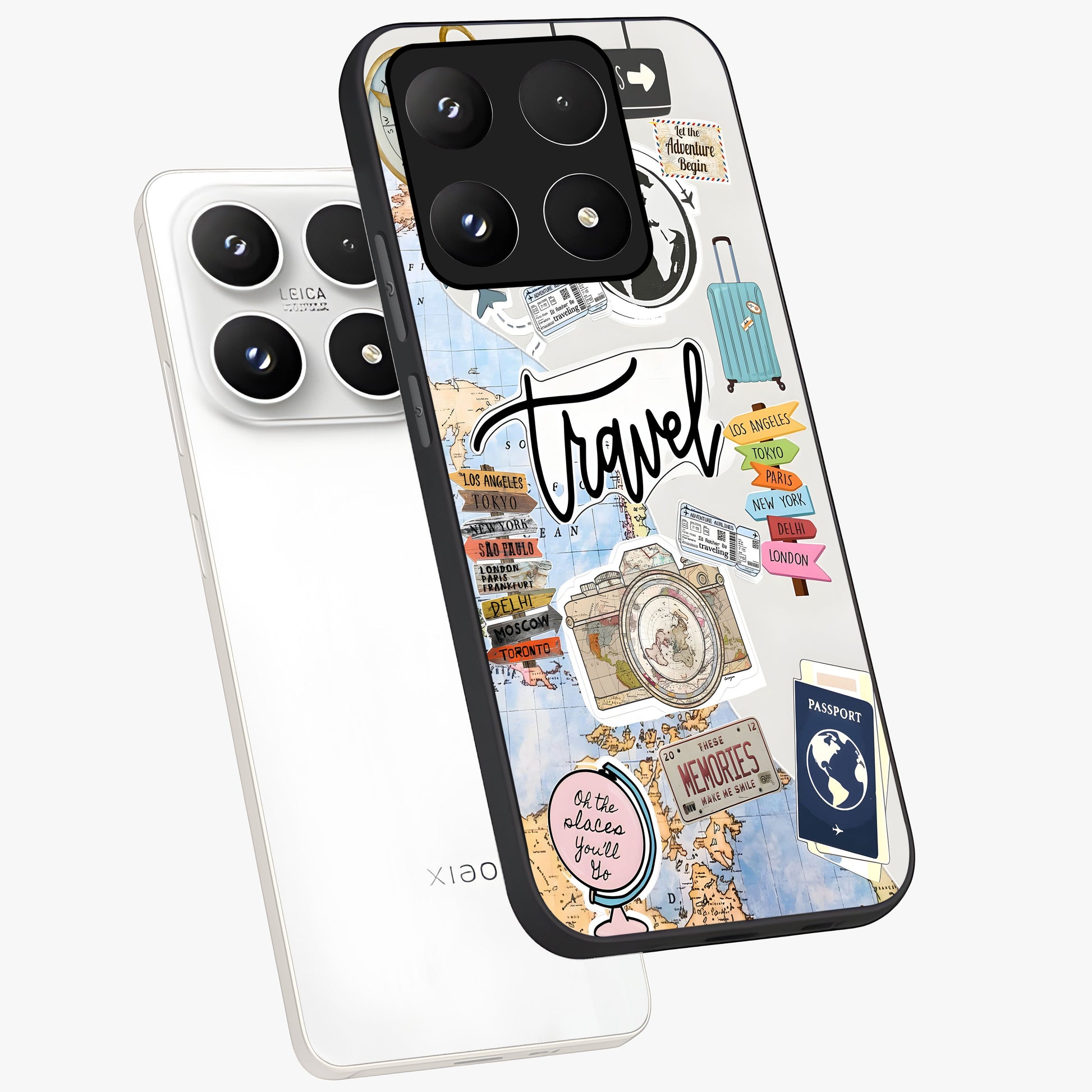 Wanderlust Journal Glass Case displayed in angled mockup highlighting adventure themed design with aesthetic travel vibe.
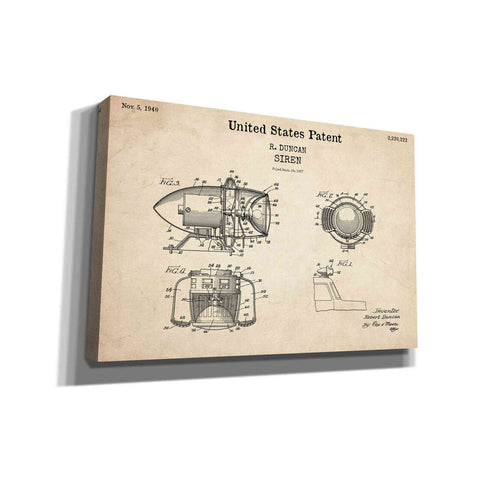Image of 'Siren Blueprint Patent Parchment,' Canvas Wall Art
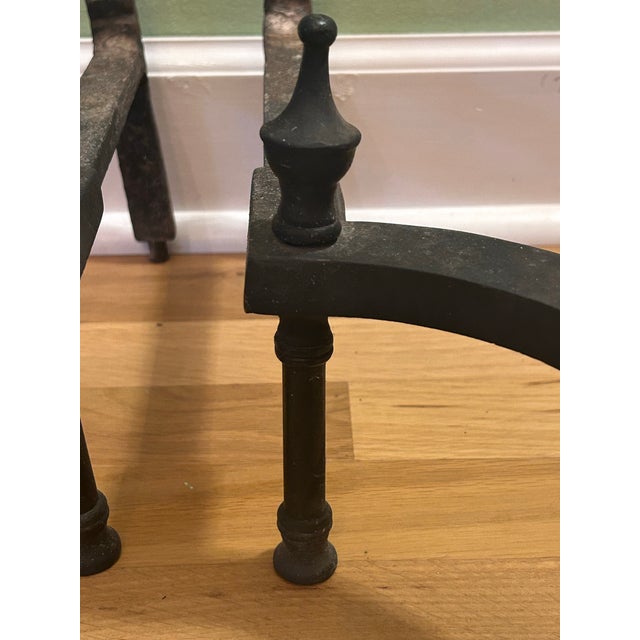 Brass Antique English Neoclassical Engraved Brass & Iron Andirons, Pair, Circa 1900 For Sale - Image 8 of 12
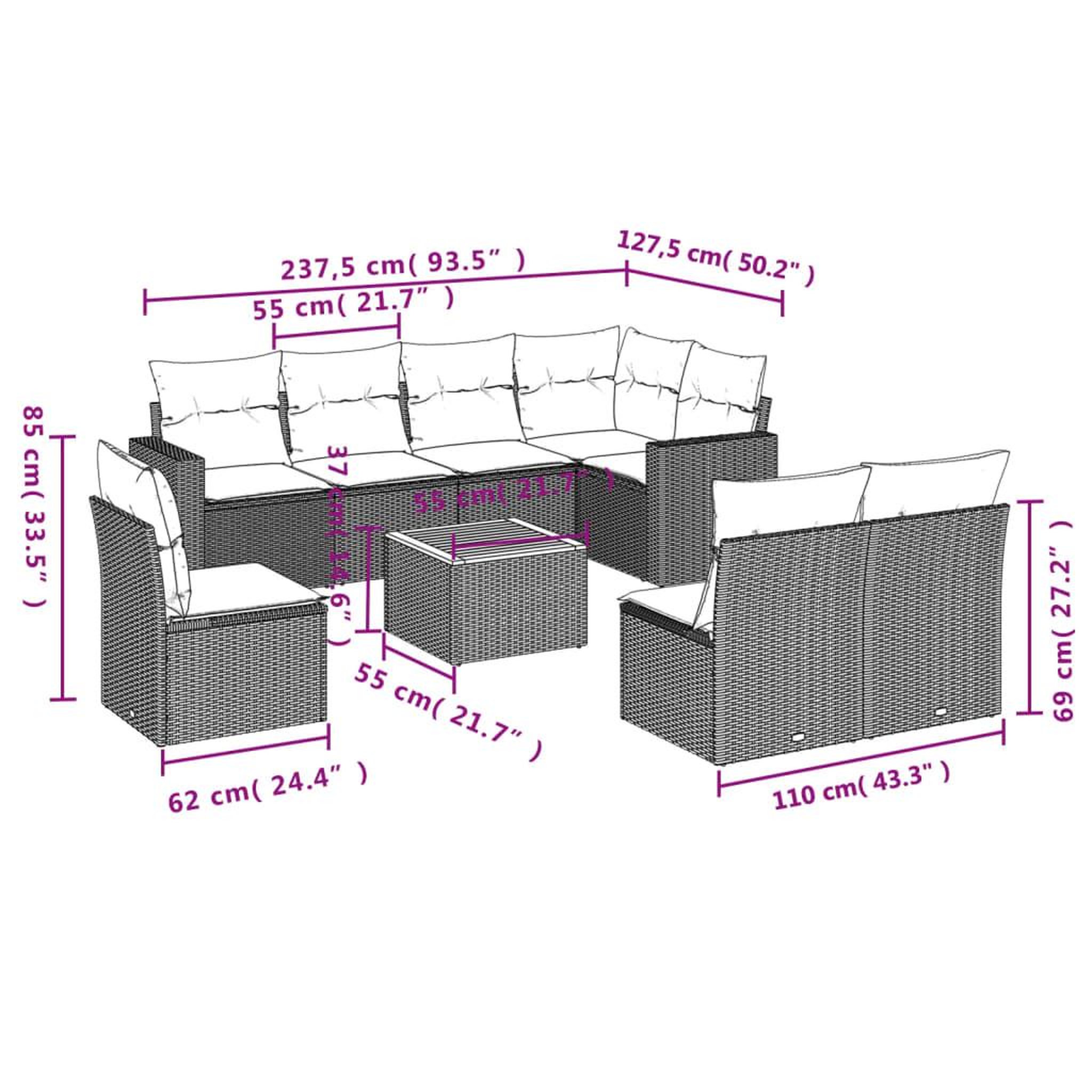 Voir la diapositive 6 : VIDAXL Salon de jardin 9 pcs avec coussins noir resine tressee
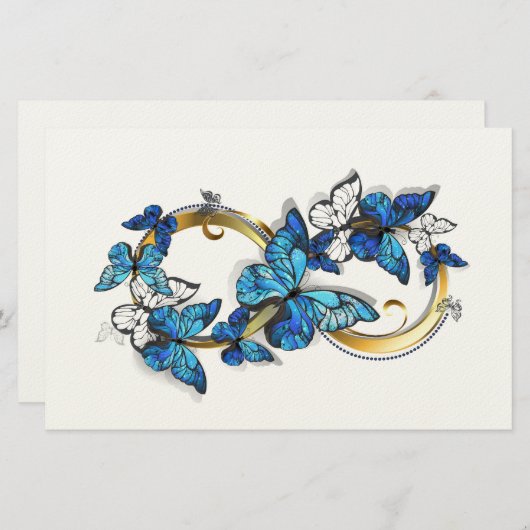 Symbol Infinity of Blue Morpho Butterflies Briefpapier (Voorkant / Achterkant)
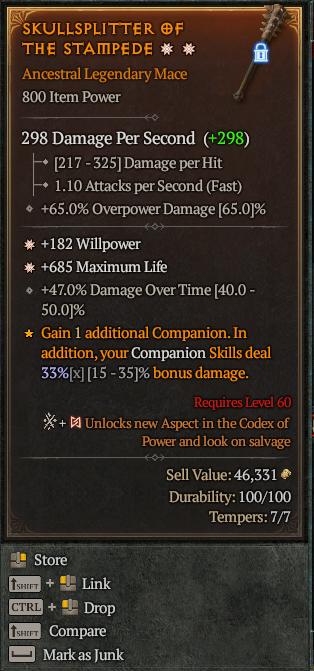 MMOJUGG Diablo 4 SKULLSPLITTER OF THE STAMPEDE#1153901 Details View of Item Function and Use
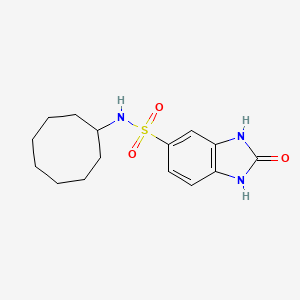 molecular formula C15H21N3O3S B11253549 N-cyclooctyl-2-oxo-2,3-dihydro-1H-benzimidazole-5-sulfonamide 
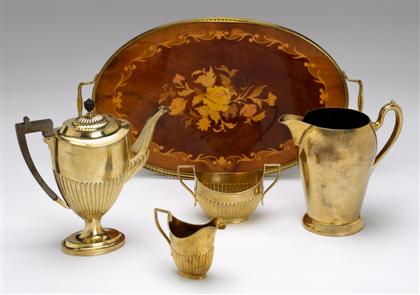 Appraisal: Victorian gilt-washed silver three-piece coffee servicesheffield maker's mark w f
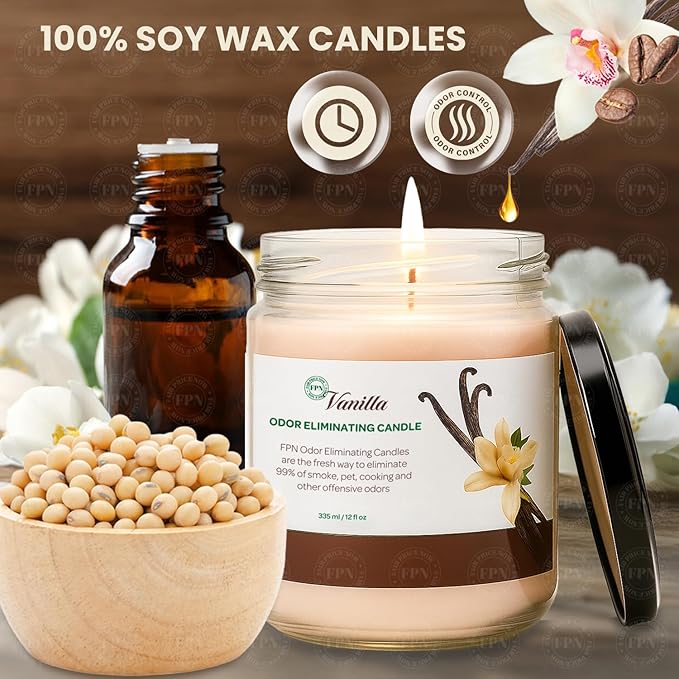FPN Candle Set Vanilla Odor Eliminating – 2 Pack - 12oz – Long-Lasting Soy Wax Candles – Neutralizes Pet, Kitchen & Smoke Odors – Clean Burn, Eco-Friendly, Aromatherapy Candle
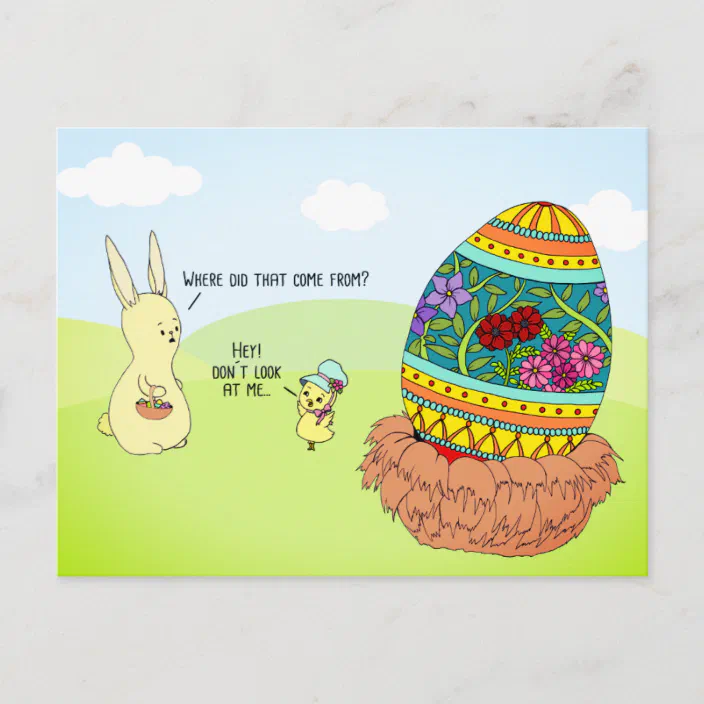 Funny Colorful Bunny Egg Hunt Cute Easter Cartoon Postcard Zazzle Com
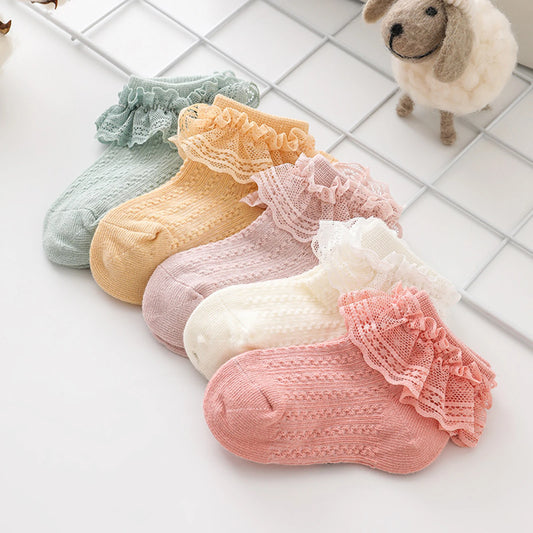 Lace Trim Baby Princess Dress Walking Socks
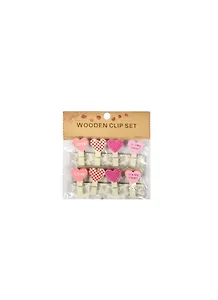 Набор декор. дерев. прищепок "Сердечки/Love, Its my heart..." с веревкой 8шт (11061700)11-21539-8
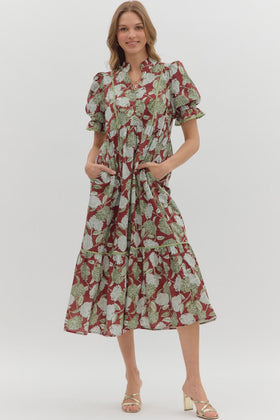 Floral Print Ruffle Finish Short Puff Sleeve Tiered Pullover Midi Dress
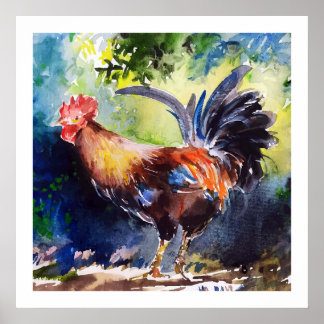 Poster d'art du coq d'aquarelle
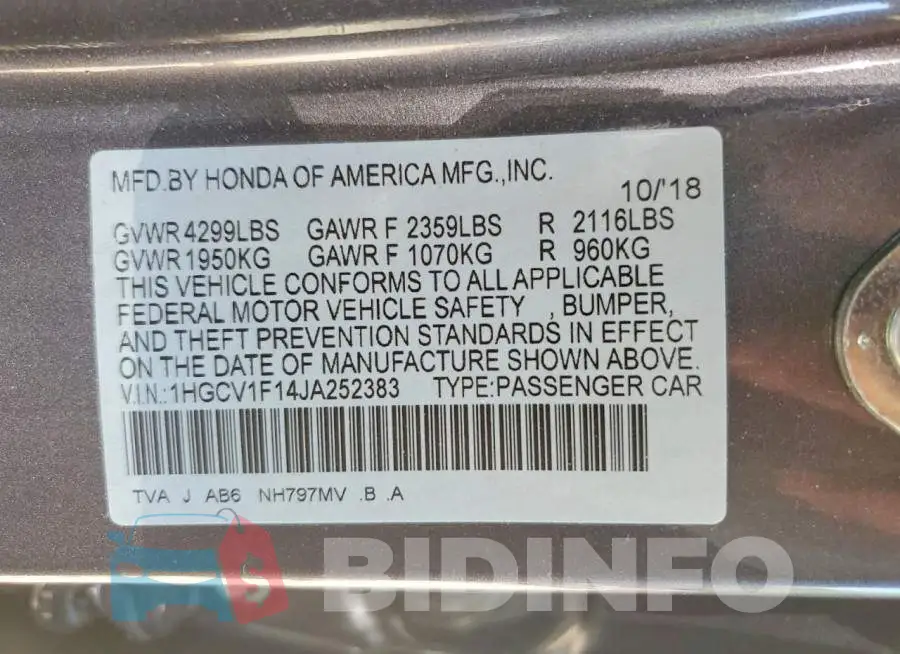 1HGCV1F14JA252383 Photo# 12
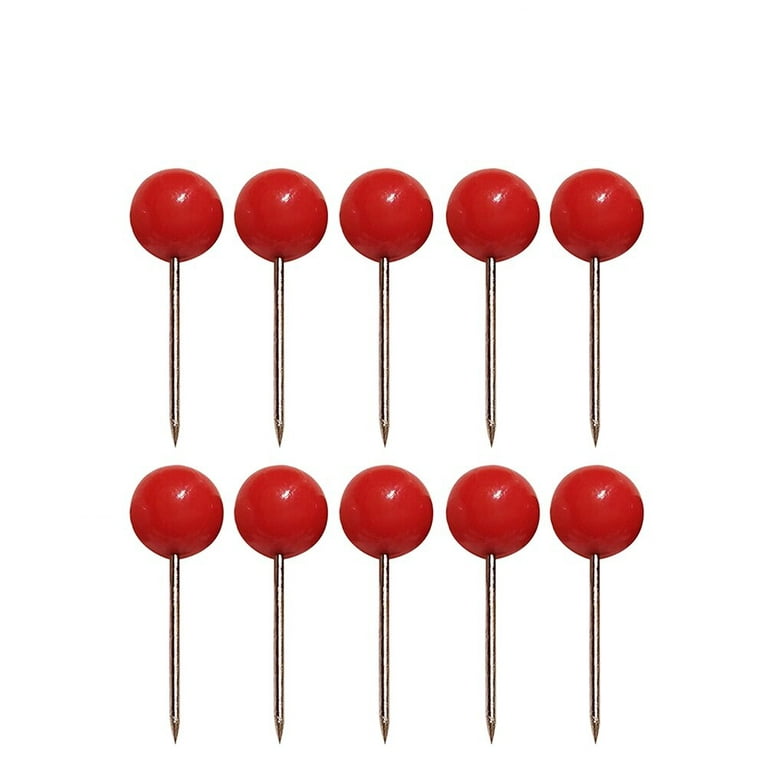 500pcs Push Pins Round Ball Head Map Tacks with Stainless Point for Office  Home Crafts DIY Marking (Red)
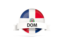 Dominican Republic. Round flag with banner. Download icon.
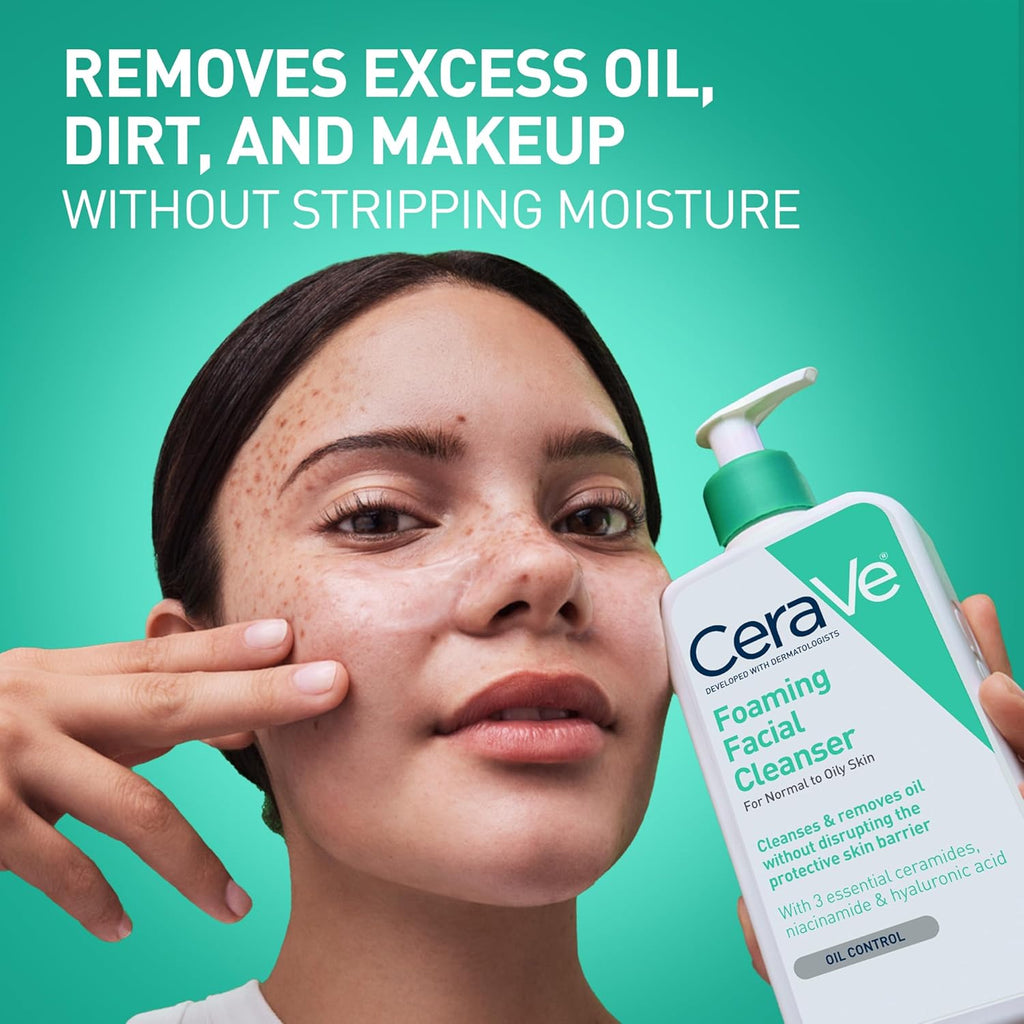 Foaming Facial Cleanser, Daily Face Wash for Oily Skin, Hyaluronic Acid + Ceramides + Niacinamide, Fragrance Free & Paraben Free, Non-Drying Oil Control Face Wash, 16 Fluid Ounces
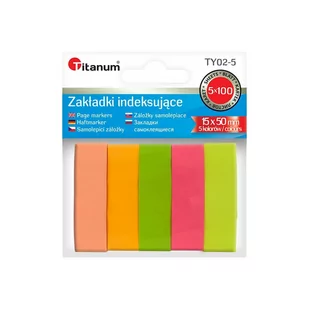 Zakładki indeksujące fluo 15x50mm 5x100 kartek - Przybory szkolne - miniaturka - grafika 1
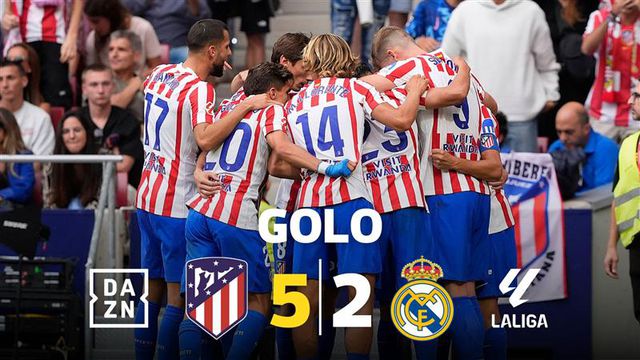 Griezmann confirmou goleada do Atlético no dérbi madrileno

__Assigned task__:
Using the data above, set down each line from the line with "500pcs Push Pins" to the line with "Dominican Republic. Round" exactly, both ends included, and leave the pictures behind. Nothing else belongs.

__Written solution__:
 500pcs Push Pins Round Ball Head Map Tacks with Stainless Point for Office  Home Crafts DIY Marking (Red)
 Dominican Republic. Round flag with banner. Download icon.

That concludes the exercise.